» **EXERCISE REQUIREMENTS**
Write out exactly the lines below that run from the one containing "Serene Boerderij Maiden" through the one containing "Woman wearing a", both included, with no other lines.

» **RECORDED DATA**
****

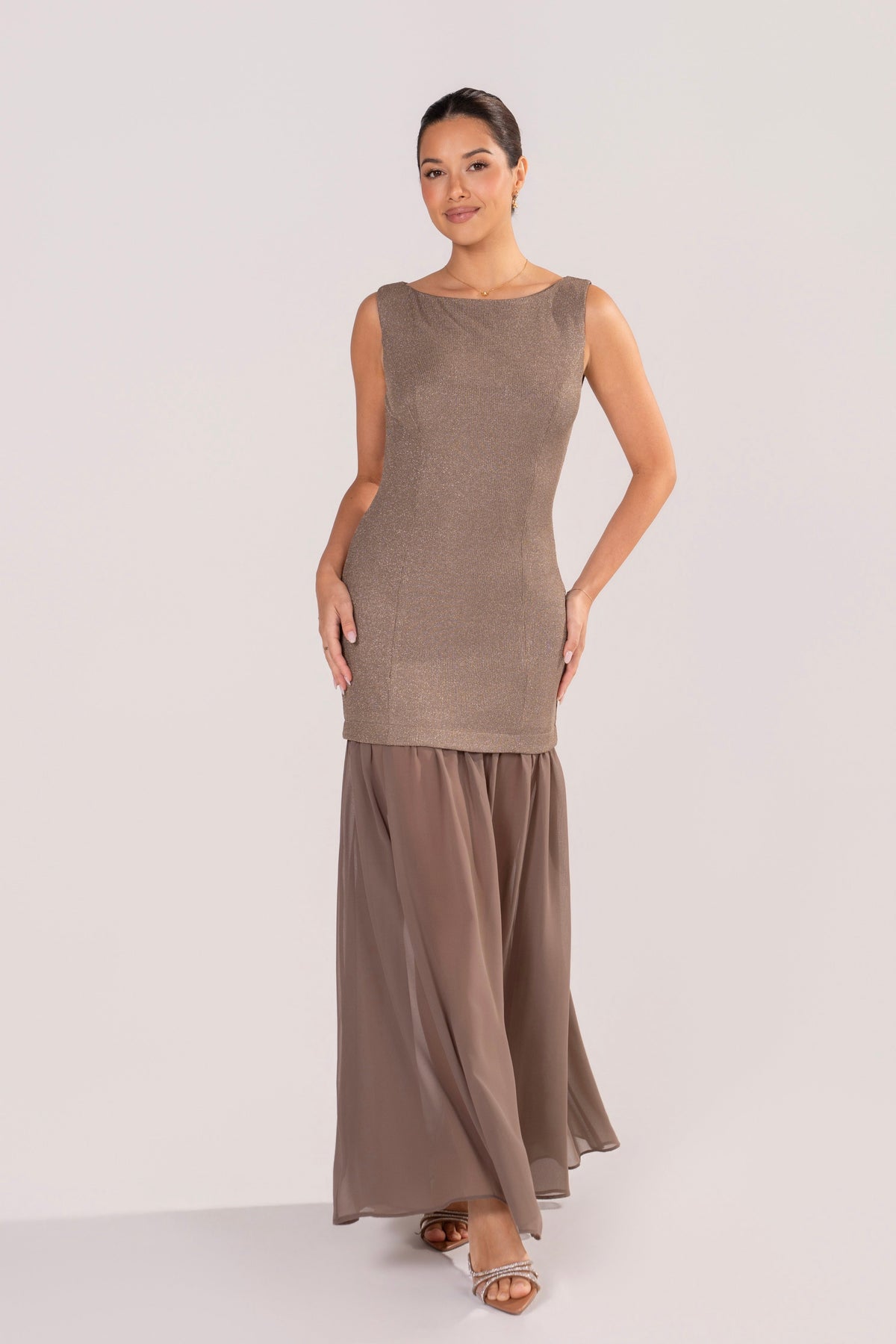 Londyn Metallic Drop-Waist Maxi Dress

****

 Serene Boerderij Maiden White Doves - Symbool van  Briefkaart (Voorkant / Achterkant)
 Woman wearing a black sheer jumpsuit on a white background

****

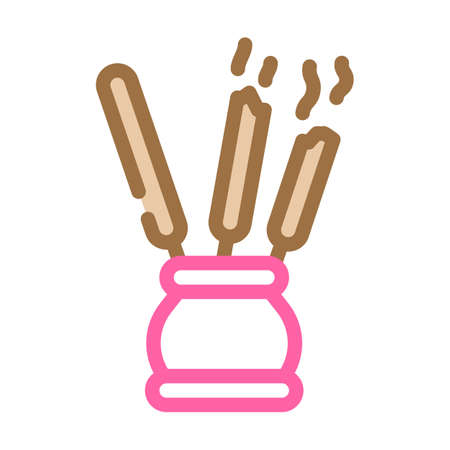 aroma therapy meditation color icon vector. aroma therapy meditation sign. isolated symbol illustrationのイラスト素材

****

» **FINISHED TASK**
 Serene Boerderij Maiden White Doves - Symbool van  Briefkaart (Voorkant / Achterkant)
 Woman wearing a black sheer jumpsuit on a white background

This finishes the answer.